“Looking for Satellites” is one of the better songs on Earthling — in my opinion at least, and for better or worse, that’s the one that matters here. Even so, it goes on a bit too long, and though Reeves Gabrels is relatively restrained for most of it, he can’t resist a bit of wankery in the latter stages. But the visual presentation is striking, and Mike Garson’s coda — not present in the album version, which fades out — is a nice touch.
And that’s the end of the “You will now listen to my new material” part of the show; from here on in it’s all classics. If you were one of the people in the audience who twiddled their thumbs through the Earthling and Outside stuff, I bet you were pretty happy to hear the familiar bassline that kicks off the next song:
It takes guts to step into the Freddie Mercury role here, but Gail Ann Dorsey handles it with aplomb. And with all due respect, she has great legs as well.
If you’d been waiting for the hits, I bet you were smiling after that one. And you were probably smiling even more when this happened:
“Heroes” is Bowie’s most-covered song, I think. It’s covered way too much, in fact, and rarely well. The nuance always gets lost; remember that “Heroes” is in quotes to begin with. It’s not an anthem… well, it is… but it isn’t. It’s complicated. If I were the Emperor of Music, I would impose a lengthy moratorium on “Heroes” covers, give it a little time to breathe.

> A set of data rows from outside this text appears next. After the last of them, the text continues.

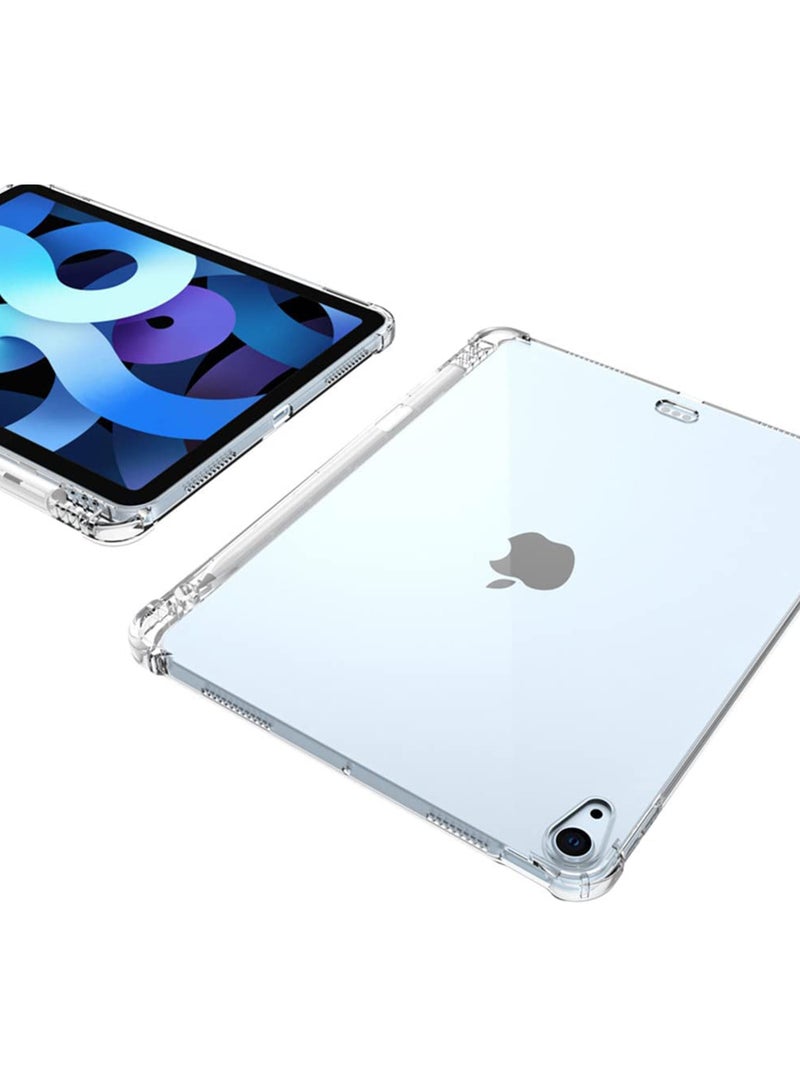 Rock Pow Case for iPad Air 11-Inch M2 (2024), iPad Air 5/4 (2022/2020 5th/4th Generation 10.9-Inch) with Pencil Holder Clear Case TPU Soft Anti –Fall Anti -Collision - Image 5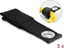 Picture of Delock Heavy-duty Hook-and-loop strap with fastening eye L 260 x W 38 mm black 5 pieces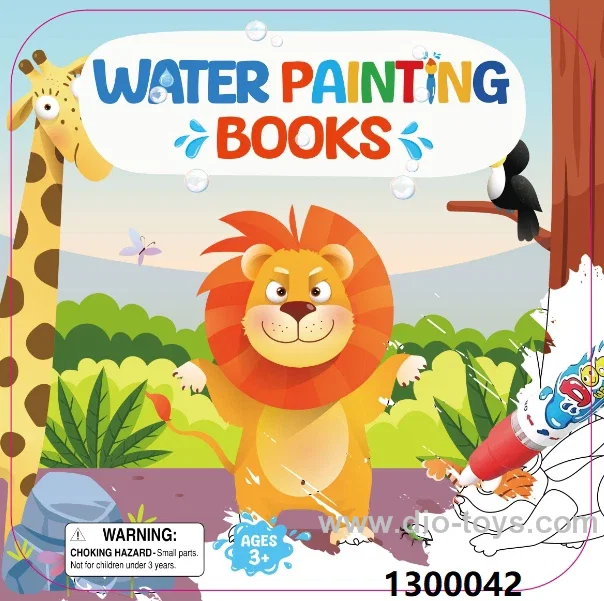 Water Painting Book(Lion) in opp bag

Anyway, the 50th birthday version is a pretty good one. Gabrels, perhaps as a birthday present, plays about as tastefully as he can — though he is constitutionally incapable of emulating Robert Fripp’s elegant minimalism. The rhythm section keeps things chugging along, and if it can’t quite match the motorik majesty of the original song, what can? For five minutes I can forget all the baggage and I can love “Heroes” again, just for one day.